N. Korea will not use peace declaration as bargaining chip: KCNA

Lim Chang-won Reporter Posted : 2018-10-02 08:38 Updated : 2018-10-02 08:38
글씨작게 글씨크게

A file picture shows North Korean leader Kim Jong-un at a joint press conference in Pyongyang in September. [Joint Press Corps]

SEOUL -- North Korea will not use the issue of putting an end to the status of
war on the Korean peninsula as a bargaining chip in denuclearization talks, its state media said, accusing the United States of trying to subdue "someone" by resorting to sanctions.

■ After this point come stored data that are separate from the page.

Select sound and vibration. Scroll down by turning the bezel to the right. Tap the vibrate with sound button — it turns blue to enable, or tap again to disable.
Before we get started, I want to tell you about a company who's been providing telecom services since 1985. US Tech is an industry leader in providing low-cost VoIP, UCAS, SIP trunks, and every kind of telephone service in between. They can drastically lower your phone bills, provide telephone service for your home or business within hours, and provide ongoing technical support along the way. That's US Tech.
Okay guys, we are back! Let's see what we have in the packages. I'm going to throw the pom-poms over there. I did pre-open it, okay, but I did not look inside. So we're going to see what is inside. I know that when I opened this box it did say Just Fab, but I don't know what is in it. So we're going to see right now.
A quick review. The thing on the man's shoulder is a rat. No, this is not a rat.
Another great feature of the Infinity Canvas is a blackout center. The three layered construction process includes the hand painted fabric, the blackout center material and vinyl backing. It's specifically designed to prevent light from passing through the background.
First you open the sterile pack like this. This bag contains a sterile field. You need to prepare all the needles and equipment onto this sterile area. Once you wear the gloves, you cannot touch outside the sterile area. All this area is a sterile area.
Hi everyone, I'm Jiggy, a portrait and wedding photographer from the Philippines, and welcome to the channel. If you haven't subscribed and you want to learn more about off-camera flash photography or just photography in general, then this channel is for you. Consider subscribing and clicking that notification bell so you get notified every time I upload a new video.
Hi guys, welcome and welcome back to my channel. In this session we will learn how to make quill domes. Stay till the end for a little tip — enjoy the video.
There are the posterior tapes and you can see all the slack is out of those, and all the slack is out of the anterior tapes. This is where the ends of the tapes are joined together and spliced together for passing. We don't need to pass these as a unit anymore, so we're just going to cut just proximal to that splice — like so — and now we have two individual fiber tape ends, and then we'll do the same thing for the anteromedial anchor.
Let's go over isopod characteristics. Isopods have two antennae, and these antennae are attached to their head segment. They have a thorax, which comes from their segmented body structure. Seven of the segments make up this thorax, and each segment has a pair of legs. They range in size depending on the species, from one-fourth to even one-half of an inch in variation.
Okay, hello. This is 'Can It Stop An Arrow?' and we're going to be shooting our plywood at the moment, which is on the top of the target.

A declaration on ending war is "not just a gift from a man to another at all," the North's official Korean Central News Agency (KCNA) said in a commentary published on Tuesday. "Furthermore, it can never be a bargaining chip for getting the DPRK (North Korea) denuclearized."

KCNA said such a declaration is the "most basic and primary" process for the establishment of new relations and a peace mechanism on the Korean peninsula. 
"But, if the U.S. doesn't want the end of war, the DPRK will also not particularly hope for it." it said, blasting some American experts for "spouting such rubbish" that the U.S. should force North Korea to notify its nuclear program, have it verified and dismantle nuclear and missile facilities in return for the declaration

North Korea has clarified its stance that it is willing to continuously take additional steps such as the eternal dismantlement of nuclear facilities if the U.S. takes corresponding measures, KCNA said.

"The DPRK is taking substantial and crucial steps to implement the joint statement made at the DPRK-U.S. summit, but the U.S. is still trying to subdue someone by resorting to sanctions, oft-repeating the story about escalation of sanctions pressure on the DPRK," it said.

"Worse still, those called experts on the Korean issue are orchestrating a farce of putting a price on the issue which should have been settled 60 odd years ago," KCNA added.

After an inter-Korean summit in September, South Korean President Moon Jae-in said that North Korean leader Kim Jong-un wanted a quick second summit with U.S. President Donald Trump and expressed his willingness to focus on economic development through an early conclusion of denuclearization talks.

South Korea hopes to see the declaration on ending war by the end of this year, Moon said, suggesting that when complete denuclearization is achieved, a truce peace regime can be written to replace the 1953 armistice agreement that left the Korean peninsula technically at war.